(The task)
Please print, exactly, only the lines in the entries below from the line that has "Barrierefreie Erdgeschoss-Neubauwohnung mit" through the line that has "Baskets en cuir". Pictures don't go in.

(Given records)
□ □ □ □ □

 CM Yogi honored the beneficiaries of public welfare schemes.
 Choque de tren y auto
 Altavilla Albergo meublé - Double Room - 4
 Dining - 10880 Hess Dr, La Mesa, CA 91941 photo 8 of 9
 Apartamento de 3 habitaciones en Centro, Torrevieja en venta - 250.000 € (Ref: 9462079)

□ □ □ □ □

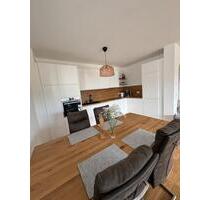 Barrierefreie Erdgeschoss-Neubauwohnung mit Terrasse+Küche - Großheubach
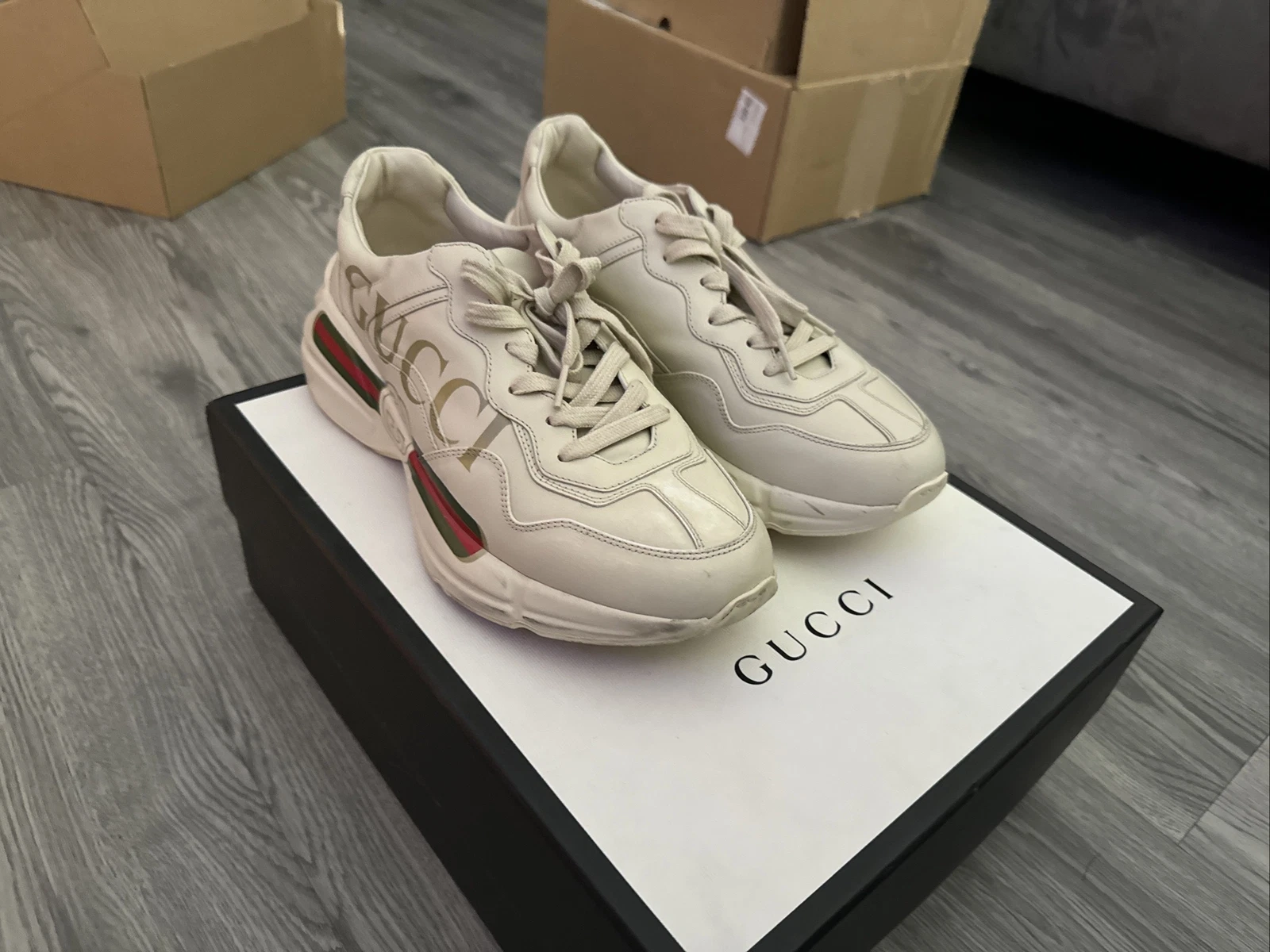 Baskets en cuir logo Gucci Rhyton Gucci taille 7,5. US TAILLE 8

□ □ □ □ □

(Response to this task)
 Barrierefreie Erdgeschoss-Neubauwohnung mit Terrasse+Küche - Großheubach
 Baskets en cuir logo Gucci Rhyton Gucci taille 7,5. US TAILLE 8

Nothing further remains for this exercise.